I talked it over with Val. That’s Valerie, my daughter.

She’s as beautiful as her mother was when I first met her; but there’s none of that bitchiness in Val. She works, as your assiduous legmen discovered, Mr L, as a librarian at the university. I won’t say more about her now. If you have any sense you’ll be letting her speak for herself. She won’t let me down. One word of warning, though. Val has some funny ideas. Don’t let that psychiatrist boyfriend of hers get into the act. He’s not a bad young man – just a nonswimmer working as a lifeguard.

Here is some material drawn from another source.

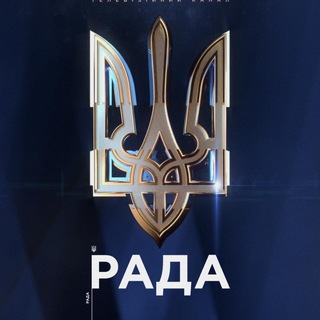 Логотип Телеграм канала Телеканал Рада. Бесплатная аналитика Telegram каналов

No, better scrub that. He did at least try to help
.

As I say, I talked things over with Val.

To be truthful, I must say that I wasn’t looking for much more from her than daughterly sympathy and concern. All that about my wallowing in self-pity is for the birds, Mr L. I also felt that I had to let her know what the score was. If I had to get another job, I thought, it would almost certainly mean that I would have to leave Geneva. That would have affected her future. I felt that she ought to have time to think and make plans.

Somewhat to my surprise, she came up with a plan for me.

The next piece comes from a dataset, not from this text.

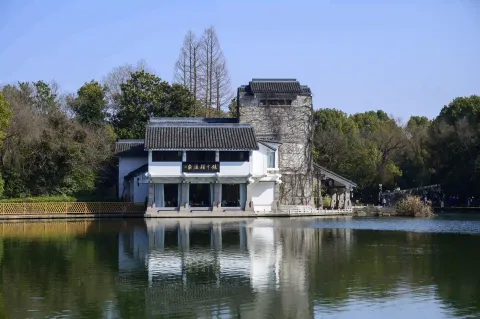 镜中镜酒家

Geneva, of course, is the headquarters of all sorts of international organisations and there are always conferences going on. I don’t mean just the political junkets, but conferences concerned with international cooperation in technical fields. Since Val had been working for the university she had become aware of the shortage that existed of technical translators able to service such conferences. I don’t mean interpreters; there are plenty of those, though not many good verbatim technical interpreters; I mean people who can produce accurate and reliable translations of technical documents fast enough to keep a conference supplied with multilingual copies of minutes, papers read and so on while
it is still in session. Her idea was that, if Intercom Publishing Enterprises A.G. went into liquidation, I should buy up the pieces, selling the
Intercom
mailing list and the Addressograph machine to help finance the deal, but keeping the office lease and furniture, the typewriters and the mimeograph machines in order to set up a technical translation bureau.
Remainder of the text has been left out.